You want access to Marky Mark’s undies? If you’ve got a backstage pass, maybe you’ll get there and maybe you won’t. With such twentysomething hopes in mind, prominent rock photographer Lynn Goldsmith has set up a company called Icons to market fake passes at shopping mall boutiques, record stores, and of course, concerts. And pop-idol worshipers are shelling out from $4.99 to $7 to get the slick ”All Access” badges for such acts as Ice-T, Ozzy Osbourne, New Kids on the Block, Hammer, Spinal Tap, and Prince. But just because you’ve got a glossy ”After Show” laminate hanging from your neck, don’t expect to be granted an audience at the Purple One’s well-guarded throne.
Some Spinal Tap devotees were dismayed to learn-when the old fogies cruised through New York City this summer-that only the puke-green stick-on ”guest” badges could transform Joe Blow into a VIP. ”You just explain (to security) the good-looking quality passes don’t work at all,” says Harriet Sternberg, Tap’s manager, ”but the ones that look cheap and have no color photos get you in the dressing room.”

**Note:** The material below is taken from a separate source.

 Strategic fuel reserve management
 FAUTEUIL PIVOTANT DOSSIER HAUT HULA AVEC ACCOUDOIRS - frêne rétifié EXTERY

If the passes can’t deliver access to the stars, what’s the appeal? ”It’s kind of like trading cards,” says Steve Stewart of Ice-T’s management. ”If you ask any crew person coming off any tour, one of their most valuable possessions is what’s hanging around their neck. That’s power. And if you can buy a reasonable facsimile at a reasonable price, I think that’s the attraction.” Obviously, for some besotted fans, any chance to rub up against fame is worth it-even if it means wearing a tag boasting ”All Access.” Not!